0 posted 2002-09-26 04:25 PM



Play the victim,
play the victim,
come on baby,
play the victim.

Feel the (edit/edit)
which abounds;
let it master you,
become the slave.

It's all roundabout.

Come on baby,
play the victim.

Life will be cruel,
sense the lies,
see the facade
for what it is.

Slap.
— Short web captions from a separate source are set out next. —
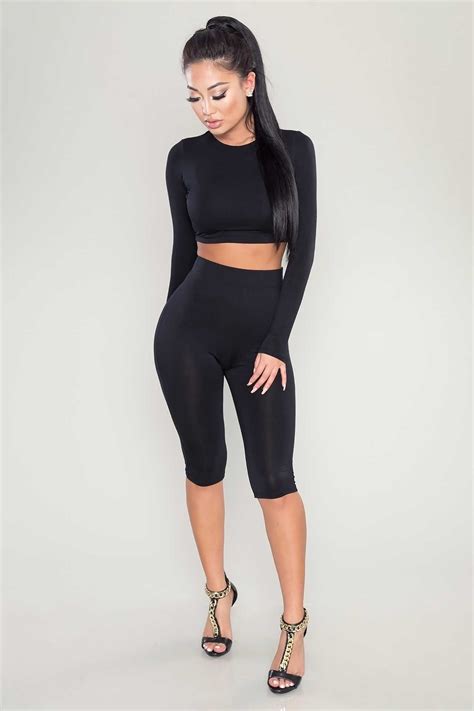 2020 2016 womens sexy crew neck crop tops and shorts tracksuits bodycon tight fit plain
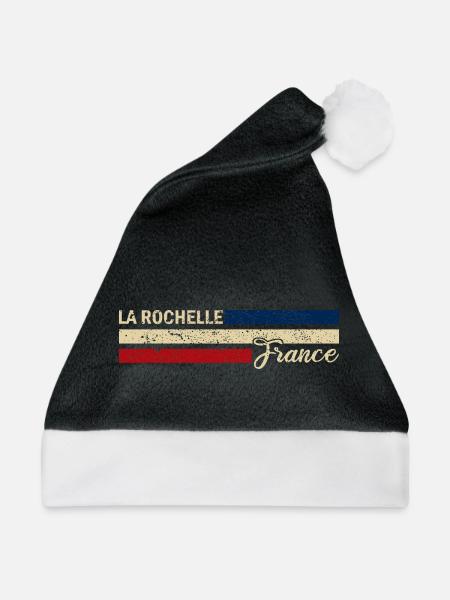 France - La Rochelle - Frankreich - Flagge - Weihnachtsmütze - Schwarz/Weiß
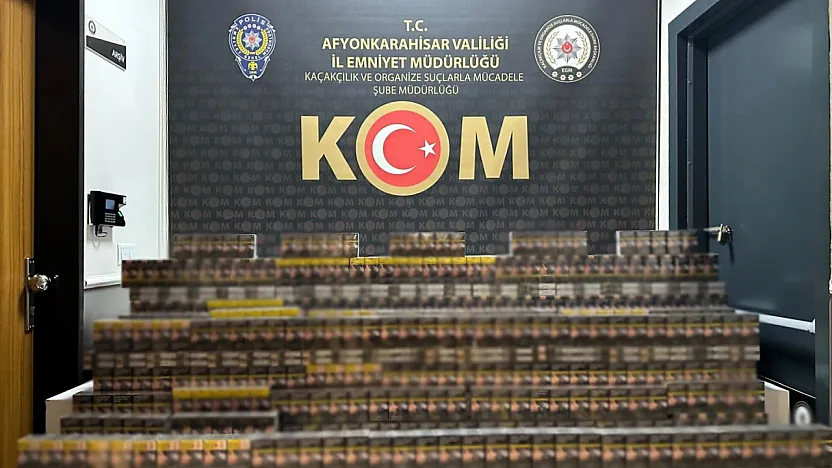 Sultandağı'nda 1830 Paket Kaçak Sigara Ele Geçirildi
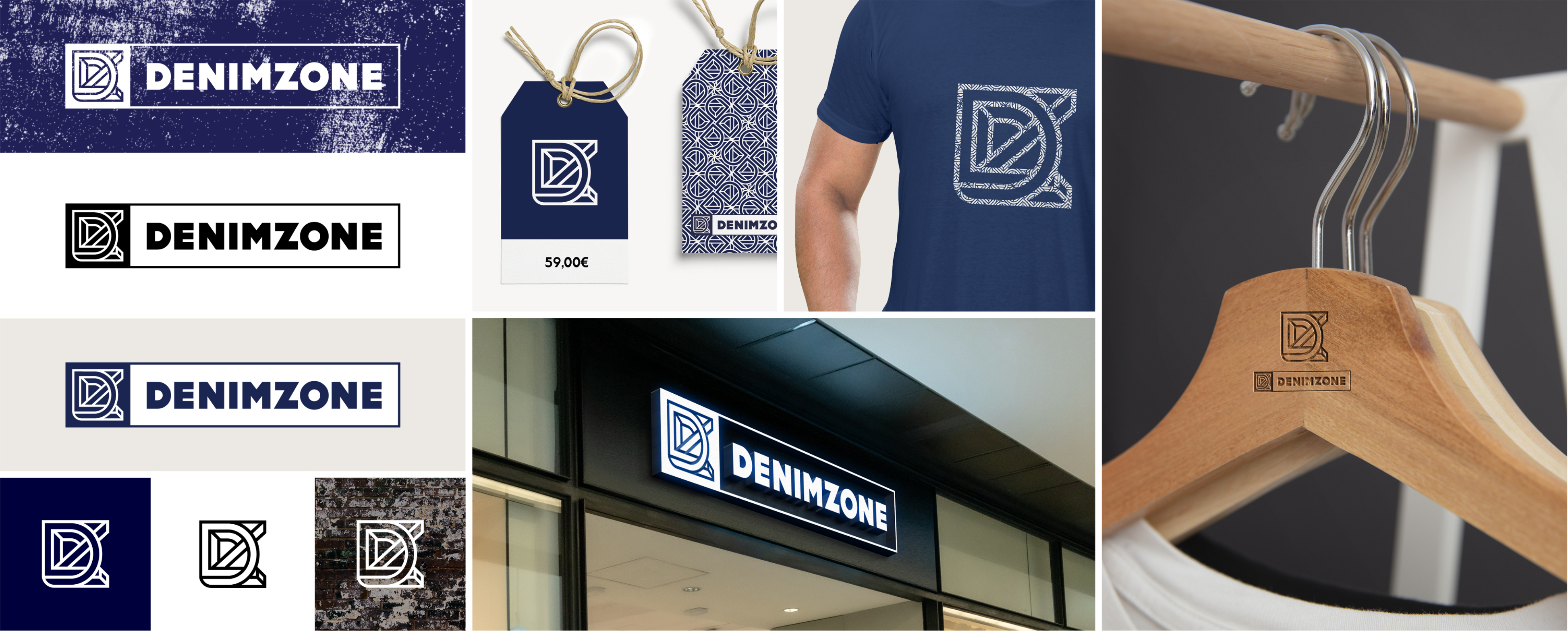 DENIMZONE - planche logos exemple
You're it,
chase the dream
given to you,
nothing is truly yours.

Play the victim,
play the victim,
won't you baby?
Just play the victim.

Differing people,
differing levels of
pain and suffering,
peace and love.

Work toward the future
or dwell on the past.
Overwhelmed by the present,
taken aback by it all.

Right places,
right places,
right places
for it all.

Walk through that door;
what do you see?

Play the victim,
play the victim,
oh baby, oh baby,
won't you let me see you
play the victim.

End possibilities.

© Copyright 2002 Daniel Redding - All Rights Reserved
serenity blaze
Member Empyrean
since 2000-02-02
Posts 27738

1 posted 2002-09-26 04:55 PM


smiling...this sounds like ME yelling at ME.

Grin...love the message of it, and? I say hold auditions for a new star of this play...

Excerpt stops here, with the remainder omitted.